** Opening Materials provided block **
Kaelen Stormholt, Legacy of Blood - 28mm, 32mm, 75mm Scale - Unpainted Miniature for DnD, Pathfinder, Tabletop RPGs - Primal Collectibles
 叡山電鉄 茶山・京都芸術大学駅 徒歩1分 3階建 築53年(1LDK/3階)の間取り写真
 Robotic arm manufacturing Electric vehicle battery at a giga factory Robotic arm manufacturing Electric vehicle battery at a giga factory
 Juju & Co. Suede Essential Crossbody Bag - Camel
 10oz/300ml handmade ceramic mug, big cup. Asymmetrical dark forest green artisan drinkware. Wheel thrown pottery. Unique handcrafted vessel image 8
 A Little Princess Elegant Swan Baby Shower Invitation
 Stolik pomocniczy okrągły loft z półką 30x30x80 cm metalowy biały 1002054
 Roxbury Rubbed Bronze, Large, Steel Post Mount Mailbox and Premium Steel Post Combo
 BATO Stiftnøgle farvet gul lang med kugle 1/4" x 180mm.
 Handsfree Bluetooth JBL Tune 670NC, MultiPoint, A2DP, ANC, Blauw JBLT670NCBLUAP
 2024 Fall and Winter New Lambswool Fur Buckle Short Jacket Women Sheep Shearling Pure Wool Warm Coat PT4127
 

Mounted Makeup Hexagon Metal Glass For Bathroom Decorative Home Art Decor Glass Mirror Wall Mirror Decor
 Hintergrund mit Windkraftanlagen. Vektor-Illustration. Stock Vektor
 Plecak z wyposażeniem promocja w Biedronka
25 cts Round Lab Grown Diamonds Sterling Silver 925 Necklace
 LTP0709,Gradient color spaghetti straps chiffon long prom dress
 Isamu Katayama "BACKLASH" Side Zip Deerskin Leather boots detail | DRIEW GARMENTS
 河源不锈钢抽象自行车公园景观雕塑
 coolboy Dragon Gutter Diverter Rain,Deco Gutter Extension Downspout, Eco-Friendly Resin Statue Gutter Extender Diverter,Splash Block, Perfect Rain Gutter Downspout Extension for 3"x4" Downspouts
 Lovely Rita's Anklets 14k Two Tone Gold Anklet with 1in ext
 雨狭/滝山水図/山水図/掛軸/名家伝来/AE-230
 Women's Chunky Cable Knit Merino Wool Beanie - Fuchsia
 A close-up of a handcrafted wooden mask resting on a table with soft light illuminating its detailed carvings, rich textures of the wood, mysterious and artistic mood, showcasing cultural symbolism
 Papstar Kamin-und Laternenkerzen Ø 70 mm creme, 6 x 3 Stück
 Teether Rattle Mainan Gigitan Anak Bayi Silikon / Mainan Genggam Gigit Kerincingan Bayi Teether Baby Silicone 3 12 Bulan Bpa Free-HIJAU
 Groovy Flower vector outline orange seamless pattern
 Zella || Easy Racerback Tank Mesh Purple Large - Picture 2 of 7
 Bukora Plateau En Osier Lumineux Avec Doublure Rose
** Closing Materials provided block **
Filter by the word "Baby": copy every line of the data that holds it.

Your solution:
 A Little Princess Elegant Swan Baby Shower Invitation
 Teether Rattle Mainan Gigitan Anak Bayi Silikon / Mainan Genggam Gigit Kerincingan Bayi Teether Baby Silicone 3 12 Bulan Bpa Free-HIJAU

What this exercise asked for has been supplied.